Unfortunately, if I hadn’t been here so recently, I doubt I would have remembered much of this visit. Not just because I spent very little time there, but because most of the exhibits I saw were quite generic. I just couldn’t get excited about a lot of the permanent exhibits.
Take the dino room. It sounded promising, but when I got there, it was a bit…clunky. Maybe I’m too old for animatronic dinosaurs, or maybe I’ve seen too many exhibits like this. Maybe it was because I wasn’t feeling very well that day. I don’t know. I took a few seconds of video there. What do you think?
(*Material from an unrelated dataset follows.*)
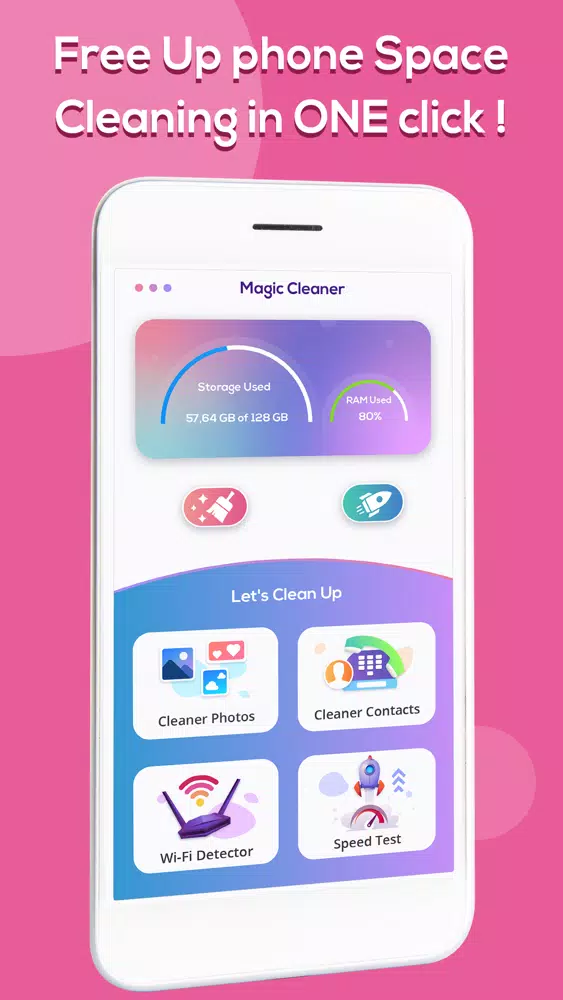 Cleaner: Magic Clean Storage. سکرین شاٹس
I didn’t get to see all of the museum, because it was so close to closing time. The temporary King Tut exhibit sounded exciting, and may have redeemed the whole visit for me. But I’m not sure my overall opinion would have improved much if I had managed to catch one of their regular “Laser Justin Bieber” screenings. That’s right: Nothing says “science” like a laser show set to Justin Bieber music. Seriously, WTF. For the sake of what I can only assume is the scientific drive to include a larger sample size, they have similar laser shows for other musicians as well. The latest addition is Skrillex. It’s part of a general trend for large science museums to include this sort of thing (although usually they at least *try* to find a scientific angle) and I’ll get back to that in a few weeks.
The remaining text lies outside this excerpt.